AIM OF THE EXERCISE:
Return every entry exactly, except for any pictures.

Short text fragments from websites
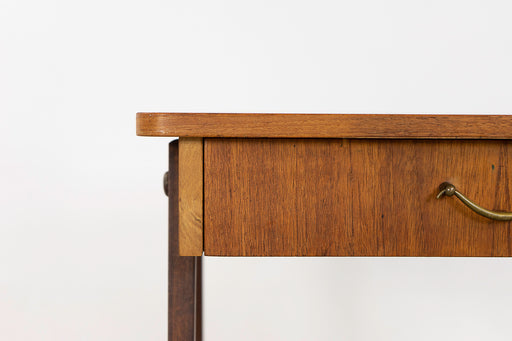 Teak Danish Bedside Table - (324-173.2)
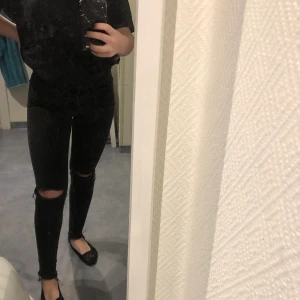 Gina Jeans - Jeans från ginatricot storlek xs, köpta för 400kr! Använda en gång och i nytt skick💕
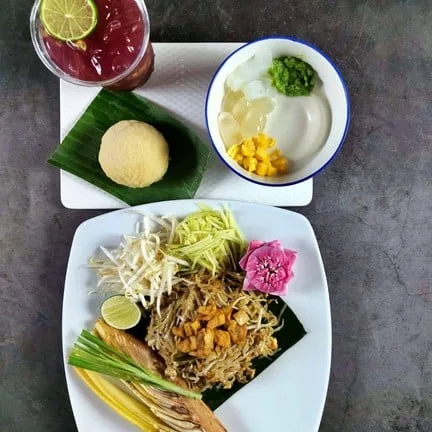Pad Thai Bua Dang — photo 32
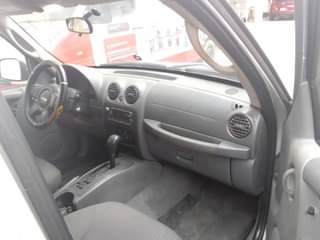A picture of Used 2005 Jeep Liberty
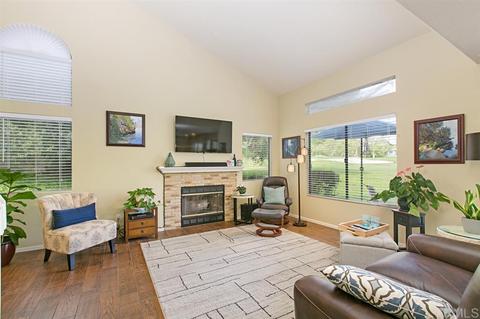 1718 Tecalote Dr #22, Fallbrook, CA 92028 photo 2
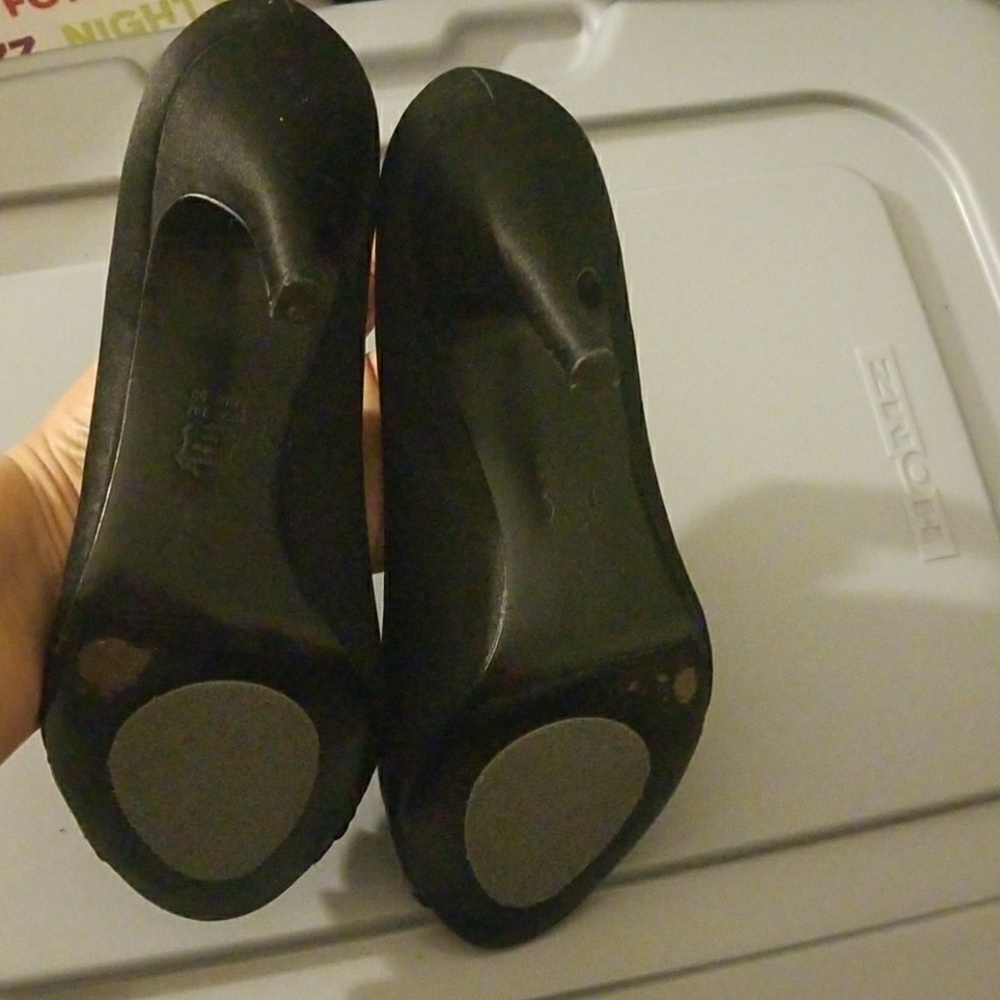 Shoes - Picture 2 of 3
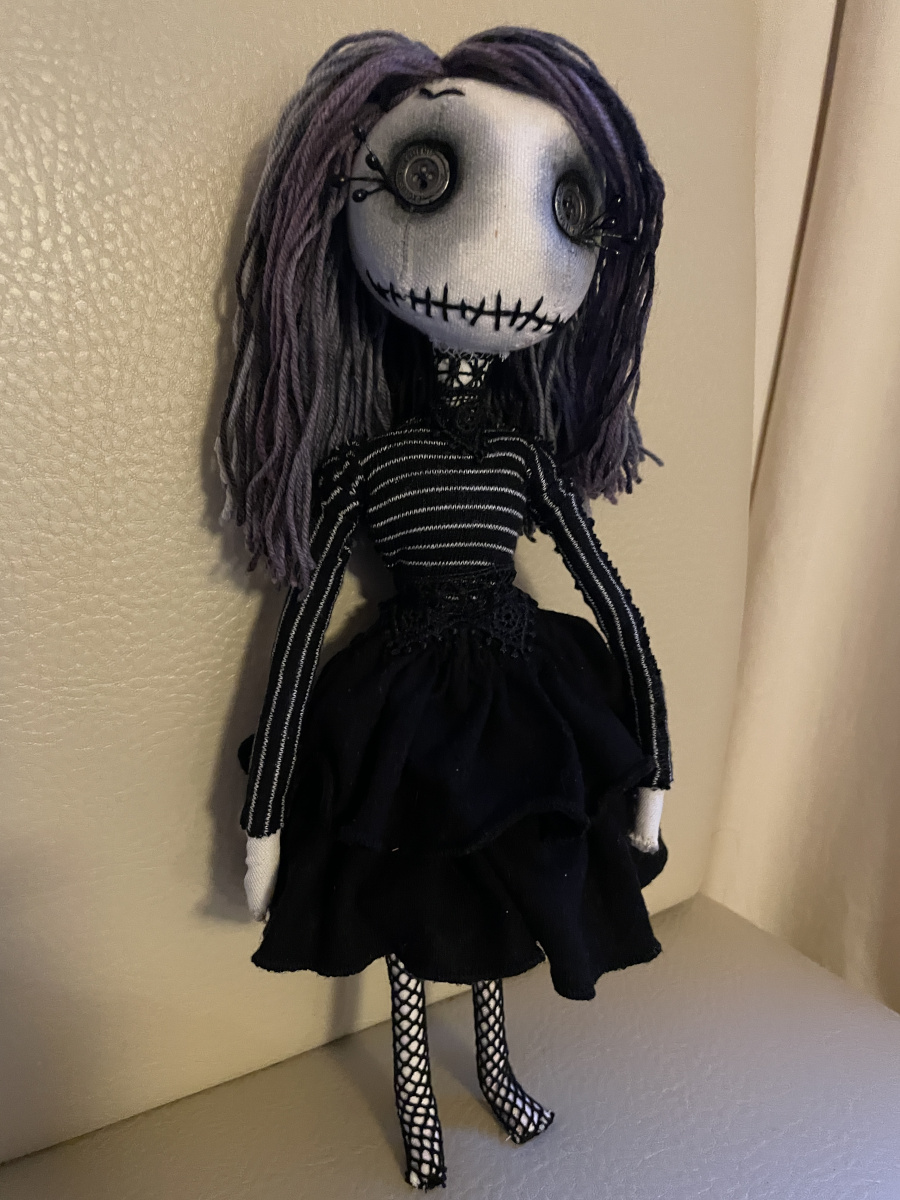 mimmime-dark-art-doll-komplett_seitlich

ANSWER TO THIS EXERCISE:
 Teak Danish Bedside Table - (324-173.2)
 Gina Jeans - Jeans från ginatricot storlek xs, köpta för 400kr! Använda en gång och i nytt skick💕
Pad Thai Bua Dang — photo 32
A picture of Used 2005 Jeep Liberty
 1718 Tecalote Dr #22, Fallbrook, CA 92028 photo 2
 Shoes - Picture 2 of 3
 mimmime-dark-art-doll-komplett_seitlich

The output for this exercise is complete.